With the recent spikes in cost of living and problems in food supply chains seen across many nations, one might be inclined to turn to growing your own food as a means of self-sufficiency and keeping costs down. It certainly wouldn’t have been out-of-place for our political leaders to encourage such schemes; I could imagine a “Dig for Victory” style campaign with wartime-esque messaging being something particularly appealing to our leaders as a means of improving public popularity (which the two UK Prime Ministerial candidates and the opposition leader sorely need). Such a policy should surely be welcomed regarding climate change too, as growing-your-own will inevitably result in far less emissions from transport. There are even health arguments too, as evidenced by the effect of pesticides on the human body, far less of which would be needed if more food was home-grown.
On the contrary, we have seen the opposite; a hosepipe ban has been put in place across parts of England as a response to low river levels and climate change. Even farmers have been restricted from watering their own crops. This would be bad enough by itself for people wanting to grow their own vegetables, yet deliberately restricting access to water is set to become long-term government policy in the UK and EU. Talk of ‘growing your own’ in such times is absent, only buying someone else’s food (or better yet, insects and people) is in the media instead.
Shockingly, this is not the end of measures across the world that seem intent on discouraging both homeowners and independent farmers from growing their own food.
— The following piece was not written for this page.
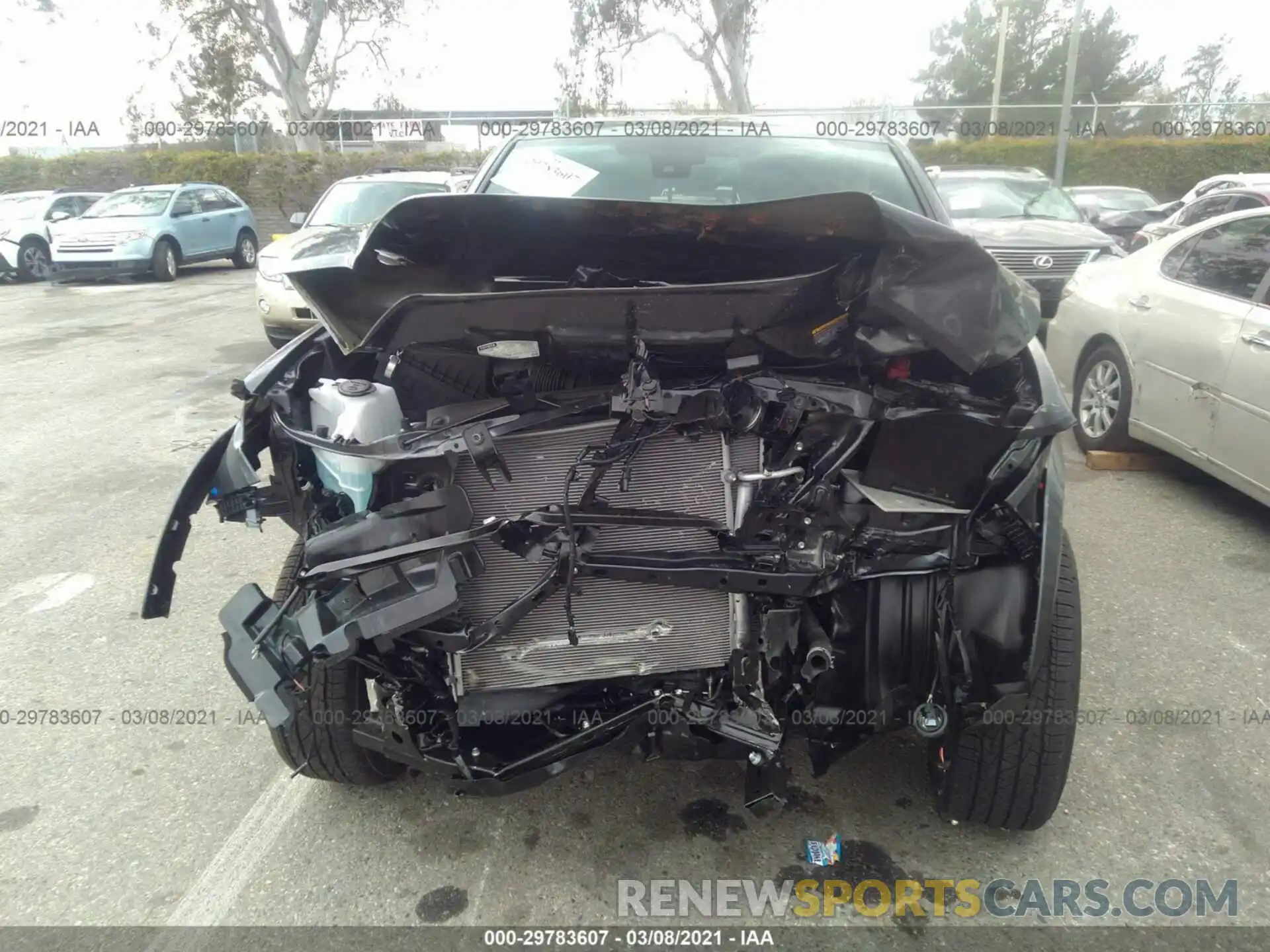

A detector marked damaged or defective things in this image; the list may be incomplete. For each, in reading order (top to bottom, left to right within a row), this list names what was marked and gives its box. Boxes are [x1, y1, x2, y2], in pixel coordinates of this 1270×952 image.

damaged headlight area [144, 193, 1074, 825]
severely damaged car [142, 130, 1080, 830]
crumpled hood [280, 192, 1042, 373]
crumpled hood [952, 214, 1111, 246]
The State of Victoria in Australia now has the power to seize livestock and home-grown food at will from private citizens if they are deemed “contaminated”. Then take the UN’s Agenda 2030 which, amongst many other things, seeks top-down control on access to seeds. Then we have Bill Gates buying up agricultural land with the kind of money that could easily outcompete independent growers or people hoping to get started.
The media labels backyard chickens (not caged ones) as ‘dangerous’, promote the idea of hobby farms harbouring disease and free range chickens somehow increasing the risk of future pandemics. They will kill chickens testing positive for bird flu via PCR, even though PCR is not an adequate diagnostic tool. Then there is claims that ‘forever chemicals’ that cannot be broken down by biological processes have contaminated every water supply, and that they’re shutting down people’s efforts to grow food. Even the act of gardening itself, once promoted as a benefit to health, is now the subject of fearmongering.



All gives the impression that somebody, somewhere, doesn’t want us growing our own food. Would you be happy not being allowed to grow food in your own garden, raise your own chickens for eggs, or having your allotment taken away from you? While we might not be at that point just yet, part of me wouldn’t be surprised if that’s where we’re headed. After all, it would certainly fit with the “own nothing and be happy” agenda.